(EXERCISE BRIEF): Beginning with the line that contains "Pre Owned Valentino", output each line below exactly through the last one, both included, and nothing else.

[Data items]

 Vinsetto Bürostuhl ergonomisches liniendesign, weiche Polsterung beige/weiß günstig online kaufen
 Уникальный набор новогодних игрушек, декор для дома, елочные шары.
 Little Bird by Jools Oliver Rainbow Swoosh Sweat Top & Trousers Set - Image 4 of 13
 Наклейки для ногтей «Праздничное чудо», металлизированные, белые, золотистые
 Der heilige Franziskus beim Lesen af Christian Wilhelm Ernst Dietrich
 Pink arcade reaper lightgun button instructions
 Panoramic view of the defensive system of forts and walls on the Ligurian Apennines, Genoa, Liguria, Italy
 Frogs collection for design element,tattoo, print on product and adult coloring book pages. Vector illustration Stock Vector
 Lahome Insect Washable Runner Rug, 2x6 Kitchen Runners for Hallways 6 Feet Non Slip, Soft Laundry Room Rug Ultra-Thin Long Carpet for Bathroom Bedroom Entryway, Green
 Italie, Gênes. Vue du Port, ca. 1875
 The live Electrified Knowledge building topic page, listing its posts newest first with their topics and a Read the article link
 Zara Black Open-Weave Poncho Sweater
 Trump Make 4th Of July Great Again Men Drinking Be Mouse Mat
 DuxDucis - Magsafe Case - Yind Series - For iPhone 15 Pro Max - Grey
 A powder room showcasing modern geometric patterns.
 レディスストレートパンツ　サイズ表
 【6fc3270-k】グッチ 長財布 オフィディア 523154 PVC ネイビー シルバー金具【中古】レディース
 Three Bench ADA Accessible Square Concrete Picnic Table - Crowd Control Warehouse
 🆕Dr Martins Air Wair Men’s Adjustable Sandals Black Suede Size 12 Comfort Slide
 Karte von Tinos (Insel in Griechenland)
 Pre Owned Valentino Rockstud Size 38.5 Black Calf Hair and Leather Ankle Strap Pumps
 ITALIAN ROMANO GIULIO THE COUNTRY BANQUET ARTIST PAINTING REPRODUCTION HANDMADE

(RESULT):
 Pre Owned Valentino Rockstud Size 38.5 Black Calf Hair and Leather Ankle Strap Pumps
 ITALIAN ROMANO GIULIO THE COUNTRY BANQUET ARTIST PAINTING REPRODUCTION HANDMADE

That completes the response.